Nutritious Food is Foundational to LifeMoves Client Success - LifeMoves Skip to main content

When it comes to feeding our clients at LifeMoves, the mission is simple yet profound: feed people three meals a day, just like you would your own family. Achieving this commitment requires the collective creativity and dedication of the LifeMoves Food Services team in close coordination with community and corporate partners.

Every day of the year, a mighty team of nine LifeMovers, led by Melanie Tate, works to plan, sustainably source, and secure donations and then turn them into nutritional and enjoyable meals for clients. While doing so, they take every opportunity to introduce clients to habits, skills, and strategies that support healthy living. In addition, they have a secondary goal of minimizing food waste, rescuing edible food that might otherwise be thrown out due to cosmetic reasons, and conserving and composting in all LifeMoves kitchens.

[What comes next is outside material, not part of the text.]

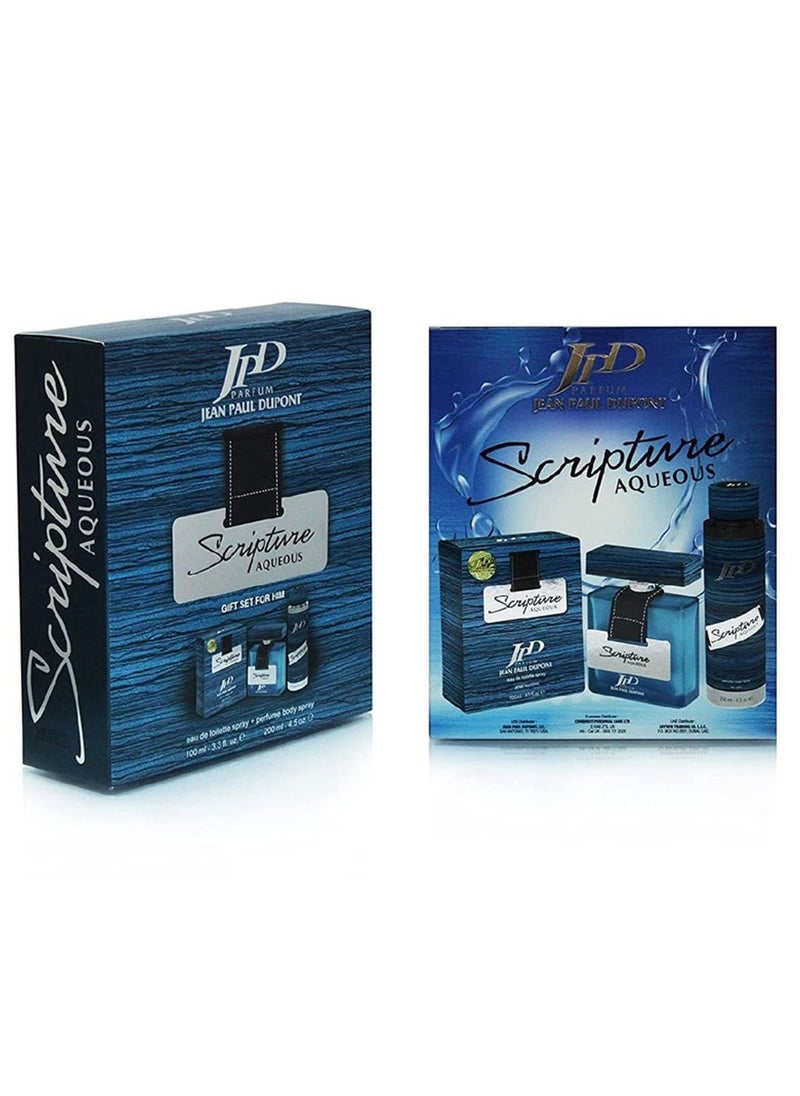 جان بول دوبون مجموعة JPD سكربتشر أكويس – عطر + بخاخ للجسم – للرجال  - Image 2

Within the LifeMoves organization, there are three commercial kitchens where food is stored and meals are mass-produced. Each of these sites is staffed with a lead cook, food service coordinator, and drivers who rescue food donations and transport meals and pantry items to other LifeMoves sites. Melanie and her team work to create a weekly menu focusing on whole grains and lean proteins. Support from partners is key. Loaves and Fishes provides dinner Monday through Friday. Second Harvest provides pantry items used for breakfast and lunches and to stock communal kitchens at LifeMoves family sites. Both partners share LifeMoves commitment to minimizing food waste. Corporate and private donors provide and serve meals on the weekends and holidays.

Each day, the LifeMoves team prepares breakfast that clients can eat before heading to work and “grab and go” lunches carry with them.

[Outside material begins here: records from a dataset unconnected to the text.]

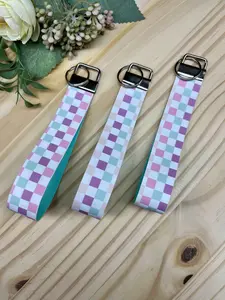 Pastel Checkered Key Fob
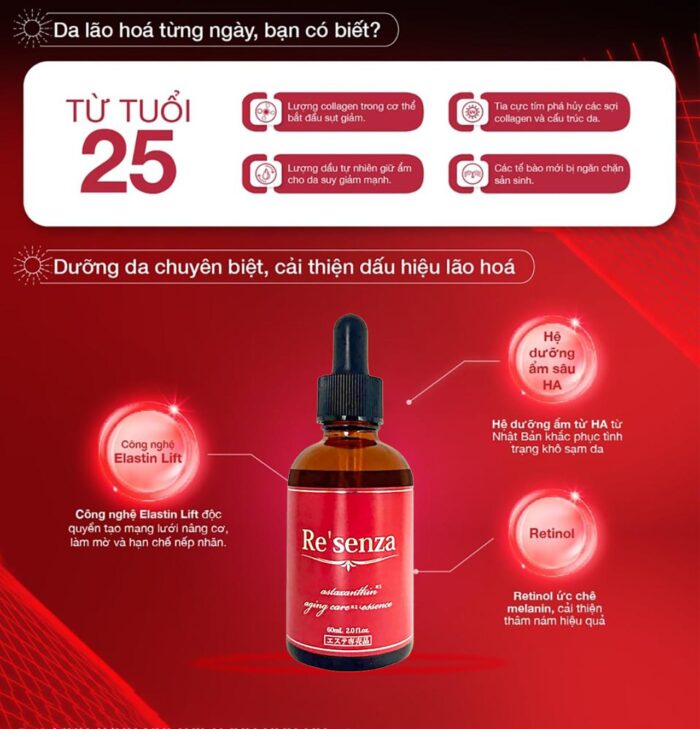 Serum Re'senza Astaxanthin Aging Care Essence Nhật Bản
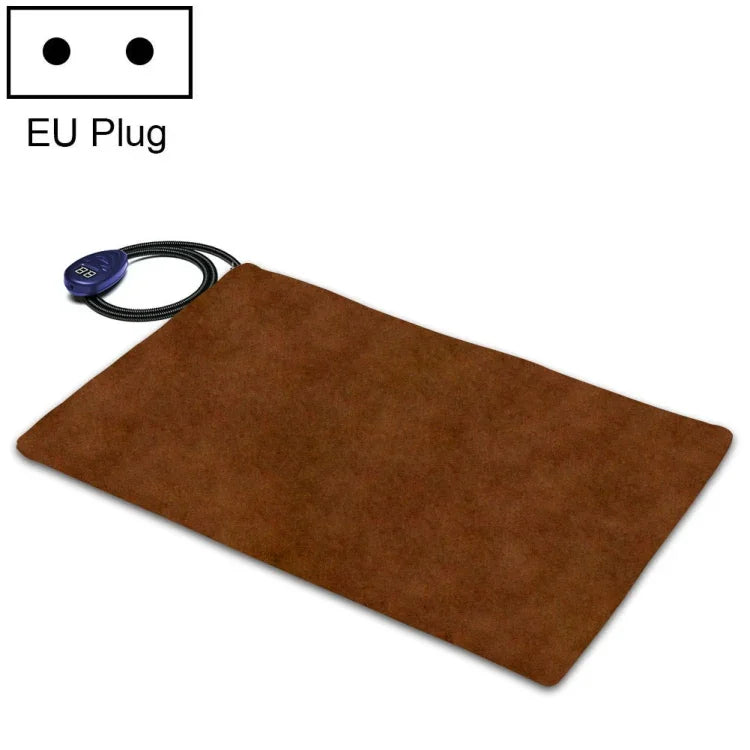 12V 低壓多功能溫暖寵物加熱墊 寵物電熱毯，65x40cm 咖啡色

“Breakfast is the most important meal of the day,” says Tate. “For lunch, clients can select a salad, wrap, and a protein. The key is a variety of fresh and healthy options. People feed their feelings. So, structure, like the timing of meals and portion size, matter. We teach our clients that it takes 20 minutes before their brains realize their bellies are full.”

Staff, and in some cases clients, help to serve each meal throughout the week. Volunteers on weekends and holidays are especially important in providing extra support serving, while adding joy and excitement to the client experience. According to Tate, clients at the Navigation Center can gain on the job experience and extra support seeking employment by taking on food services responsibilities. ServSafe certification is also available, a key requirement for many food services and hospitality roles.

When a client first comes to LifeMoves, a case manager works to understand the current diet patterns of the individual and family, noting specific needs, restrictions, and cultural preferences. More than half of clients have high blood pressure, and one in three report a family member with heart disease or diabetes. Providing balanced meals and wellness training are key components to helping clients achieve self-sufficiency. Clients learn about support programs like local food pantries and food assistance programs like WIC and SNAP (formerly food stamps).

“Food is so expensive, and as a population, we don’t use SNAP as we should. There is so much stigma around this program, but at the end of the day, everyone should be able to feed themselves,” says Tate.

As donors consider potential ways in which to support, Tate encourages everyone to focus on overall health and well-being. “Feed our clients like you would feed your family,” says Tate. “Sometimes this means fresh fruits and vegetables; other times it may mean a monetary donation to purchase specialty items that are vegan, vegetarian or culturally diverse.”